Baca Juga: Komnas PT: Industri Rokok Sukses Ajak 3 Juta Anak Jadi Perokok
Hasbullah mengingatkan, aturan kesehatan tujuannya adalah untuk melindungi kesehatan publik bukan kesehatan isi kantong dari pelaku industri dan pengusaha. “Peraturan ini dirancang menjadi lebih kuat demi perlindungan masyarakat yang lebih baik dari bahaya produk tembakau dan rokok elektronik,” tambahnya.
Beberapa perubahan aturan yang semakin kuat yang diatur dalam PP No 28 Tahun 2024 itu adalah, adanya penguatan perlindungan masyarakat. Salah satunya, ukuran peringatan kesehatan bergambar lebih luas menjadi 50%, aturan pembatasan penjualan untuk menekan kemudahan akses, dan larangan iklan rokok di media sosial untuk menjauhkan anak-anak dan remaja terpapar iklannya.
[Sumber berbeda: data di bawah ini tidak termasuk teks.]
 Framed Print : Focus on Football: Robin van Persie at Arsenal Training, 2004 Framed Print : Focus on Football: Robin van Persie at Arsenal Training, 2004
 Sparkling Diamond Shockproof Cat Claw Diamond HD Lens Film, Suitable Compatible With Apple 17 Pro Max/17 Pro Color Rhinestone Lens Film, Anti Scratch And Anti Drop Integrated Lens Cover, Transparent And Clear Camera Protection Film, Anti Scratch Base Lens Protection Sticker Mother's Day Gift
Perlu diketahui, aturan terhadap pengendalian rokok yang penting dilakukan karena tingginya prevalensi perokok din Indonesia. Bahkan prevalensi perokok di Indonesia masih yang tertinggi di dunia. Menurut Global Adult Tobacco Survey (GATS) tahun 2021, sebanyak 35,5% penduduk Indonesia adalah perokok.
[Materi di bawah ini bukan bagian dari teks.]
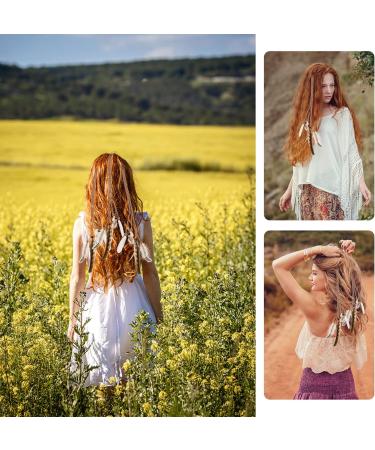 MWOOT 4Pcs Handmade Boho Feather Hair Clips for Women - Indian Style Hair Accessories for Halloween Party Costume - Buy Online on GoSupps.com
Sementara itu, Survei Kesehatan Indonesia 2023 oleh Kementerian Kesehatan menunjukkan jumlah perokok aktif mencapai 70 juta orang, dengan perokok usia pelajar 10-18 tahun sebesar 7,4%. Belanja rokok masyarakat memperburuk taraf sosial-ekonomi keluarga Indonesia, khususnya keluarga miskin.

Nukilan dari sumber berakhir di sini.